Er, a pre-coffee moment. Modern windows won't like the change of primary hdd. One of many reasons to stop using an OS that deliberately makes your life hard in so many ways.
NT
Er, a pre-coffee moment. Modern windows won't like the change of primary hdd. One of many reasons to stop using an OS that deliberately makes your life hard in so many ways.
NT
So really who's left then that is recommended?..
Anyone?.....
IIRC Maxtor are Seagate that didn't make the grade to be Seagate... ie you'll find identical drive specs apart from the MTBF and warranty period.
I've only had one HD failure in about 30 years of using PC's in a domestic enviroment but with machines on 24/7 or for long periods (>12hrs/day).
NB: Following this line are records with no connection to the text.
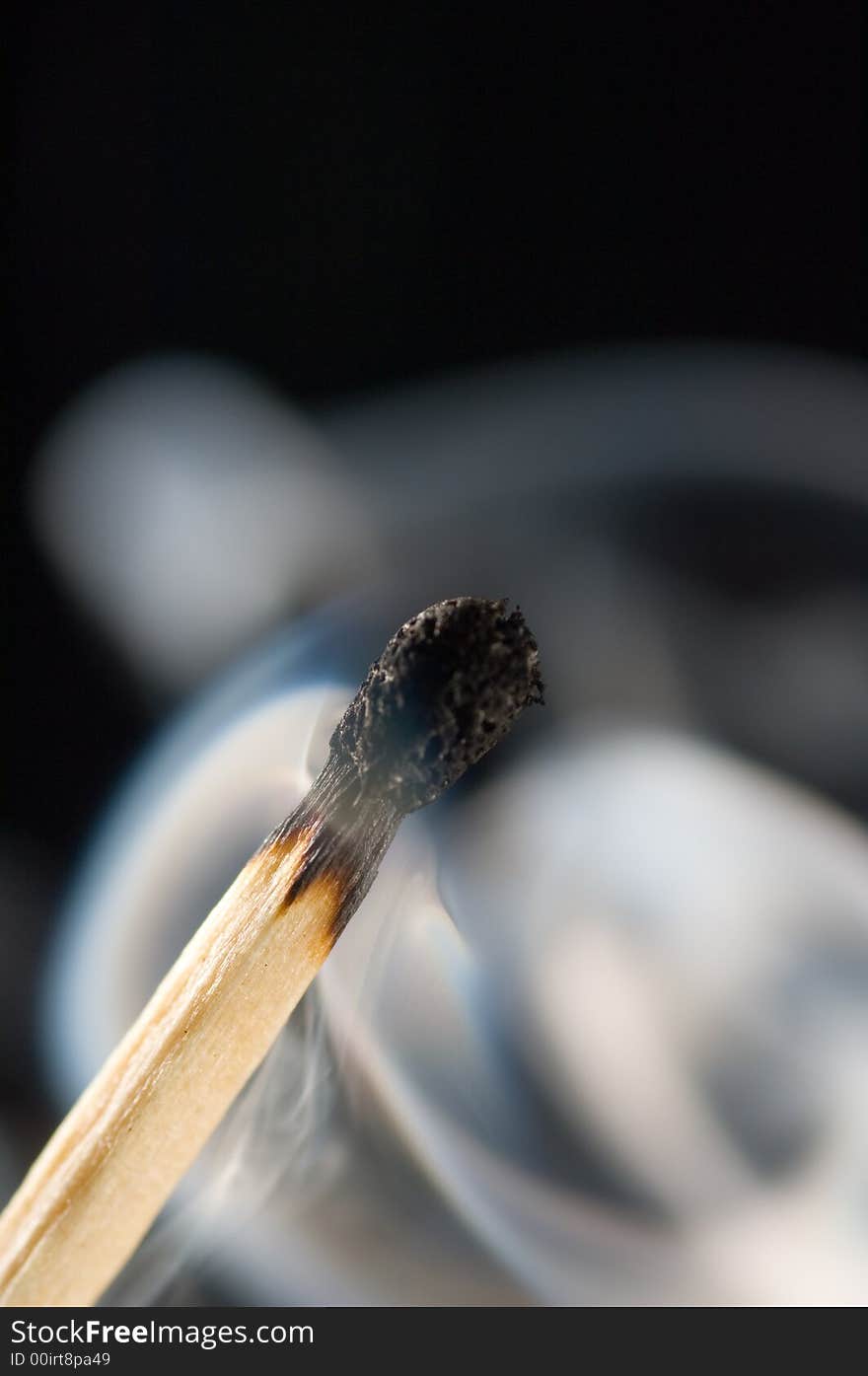 Close up of a smoking match on a black background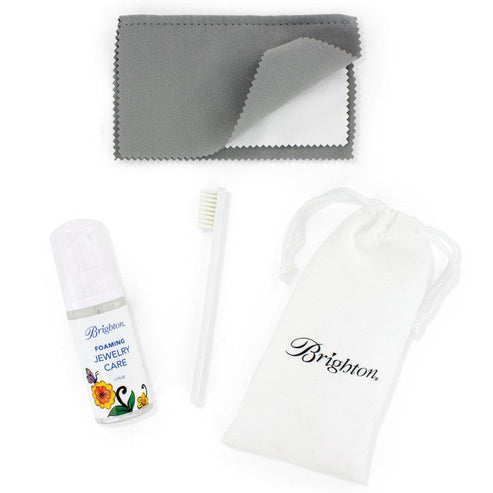 Foaming Jewelry Clean Kit with polishing cloth, brush, pouch in a biodegradable bottle.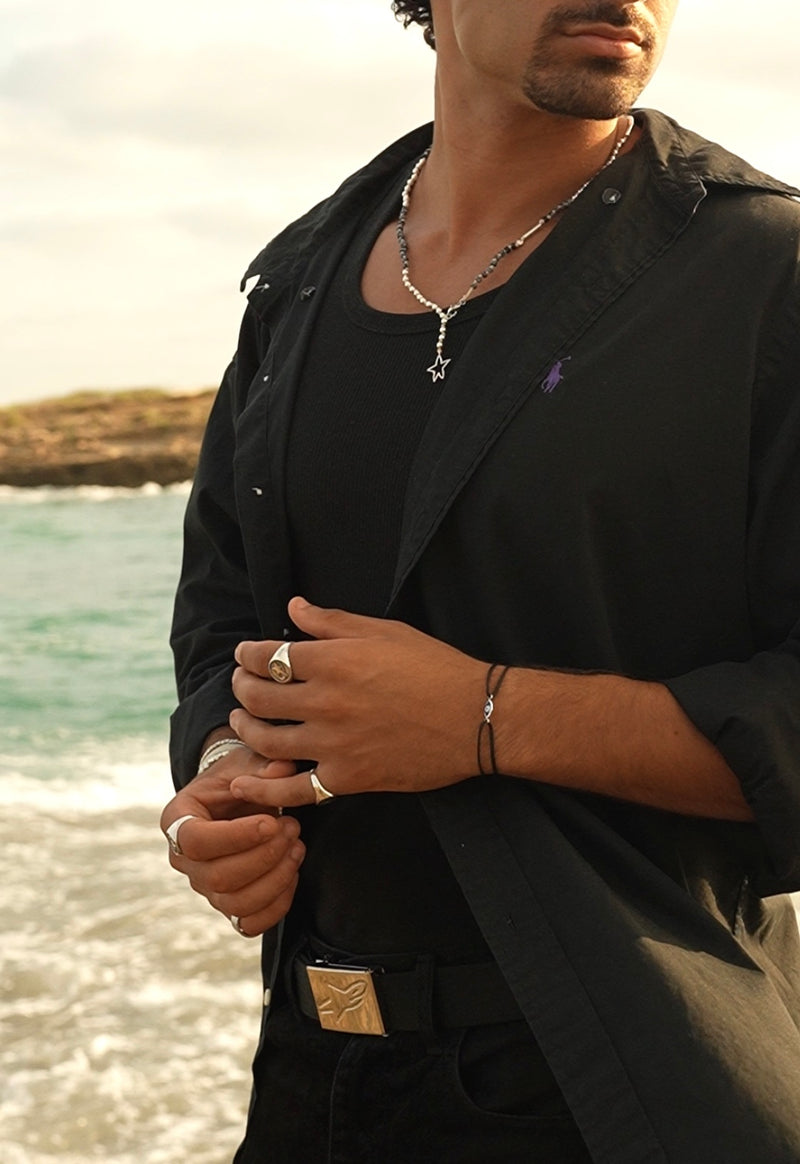 Man wearing a black outfit with jewelry by the water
That failure was a new drive in a new machine, it died within a month of so of purchase and was replaced under warranty.
Did a little Googling and got a free utility called HDcopy. That copies the entire HD to another. To use the second one as the main you have to swap the master slave jumpers and start from a boot disc with FDISK. Good enough for what I need. Much quicker than re-installing the OS and apps in event of an HD failure.
It's interesting that the SAN manufacturers are now all pimping how green they are by offering the chance to spin down blocks of disks overnight (or whatever).
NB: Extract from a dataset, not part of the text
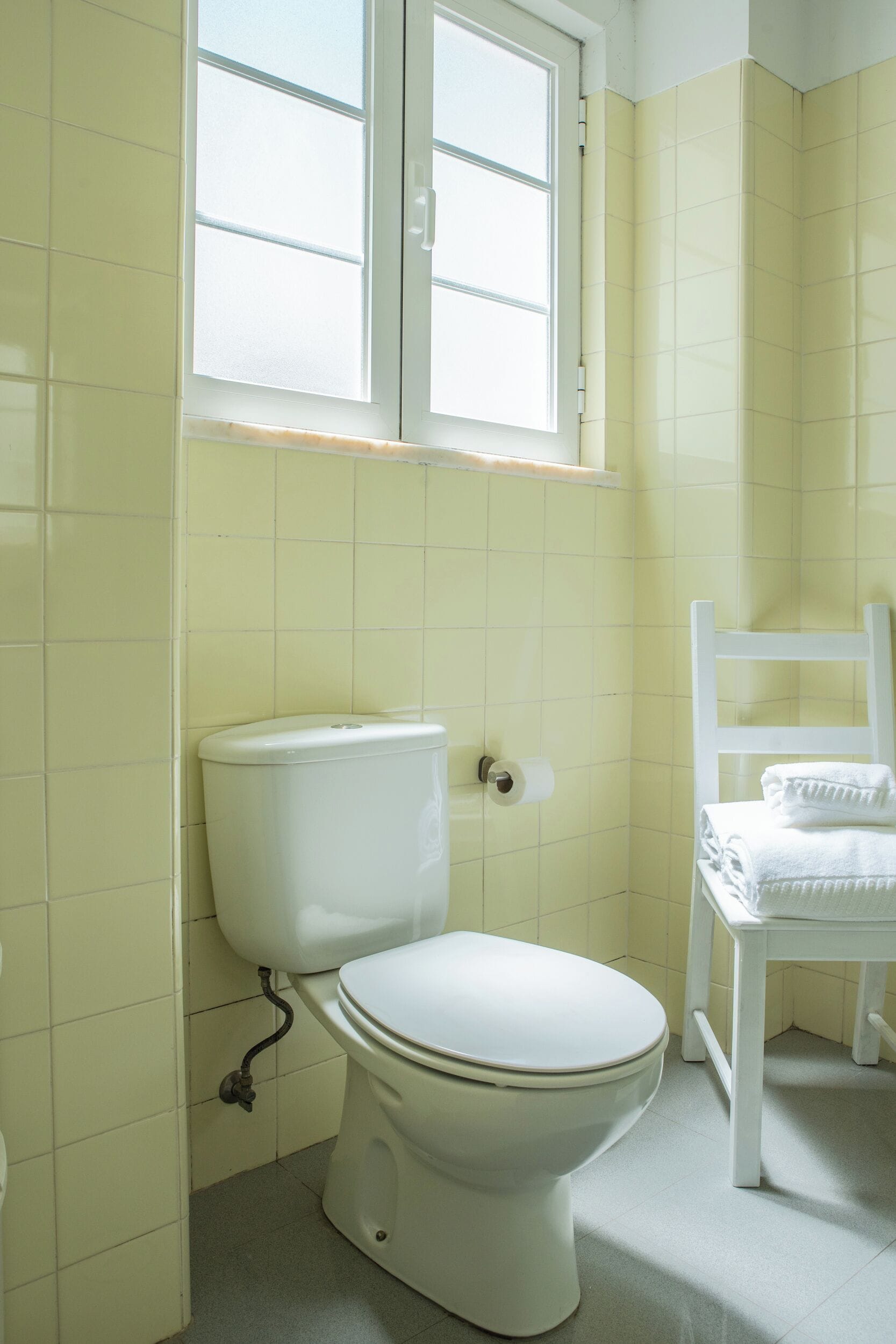 Une salle de bain avec des toilettes, une fenêtre et une chaise.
Sure it saves a bit of power and cooling - I wonder what the impact of the (I assume) increased rate of failure is. We've had three fail in a SAN of 180 spindles in well under 12 months... (two SATA, one SAS).
Darren
Dave Liquorice wibbled on Thursday 25 March 2010 09:31
Home (systems running 24/7):
One Quantum died in early 2000s, replaced under warranty. One Seagate died, ditto. On WD, ditto. I think that's it.
Work (nearly 100 servers, 1/2 dozen raid units, mix of SATA and SCSI (many sub types):
30% failure of Maxtors in one batch of 24 over a few months; Large scale diffuse failures of "those" IBM Deathstars - but over half recovered after running the IBM disk util and remained working.Fairly small % failure levels on Seagates, WD and Fujitsu. Many of the Seagates were SCSI (better made) and many of the latter where SATA were enterprise class (better made) so those results are reasonably good.
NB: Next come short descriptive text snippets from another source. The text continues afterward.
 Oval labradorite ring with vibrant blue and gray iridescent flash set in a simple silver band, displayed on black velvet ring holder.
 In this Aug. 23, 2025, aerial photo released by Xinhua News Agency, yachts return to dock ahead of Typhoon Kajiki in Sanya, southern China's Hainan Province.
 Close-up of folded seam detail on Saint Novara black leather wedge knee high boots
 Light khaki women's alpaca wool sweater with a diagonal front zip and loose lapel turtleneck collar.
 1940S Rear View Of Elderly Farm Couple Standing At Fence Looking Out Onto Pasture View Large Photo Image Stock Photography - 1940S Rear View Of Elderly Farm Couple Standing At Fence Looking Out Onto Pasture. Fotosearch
WD enterprise class seem to be one of the better grade these days, but I've had good results with ordinary grade SATA Seagate 7200.10, Hitachi and Samsung.
WRT to my old PCs, I have a Seagate Barracuda 7200.7 SATA that's been happy for about 6 years, and various Seagate PATA drivers that have been happy for over 8 years, except one Seagate Barracuda ATA V that is a bit unhappy.
Heh, I'd say steer clear of WD. Apart from the famous IBM deathstar issue, recent Hitachi drives have been fine. Saying that, I'm looking at an email alert at the mo :)
Failed Drive information : HITACHI HDS721010 Drive operation time : 270 d
so they aren't all great :-)
As plenty of people have said, they all suck. Use HDs assuming they will die soon. Then it's a nice surprise when they don't. Enterprise SANs from Hitachi don't use all Hitachi drives - they deliberately have a mix to avoid deathstar like incidents :)
Darren
I use Macrium Reflect free edition on all my PC's, easy to restore from a boot cd.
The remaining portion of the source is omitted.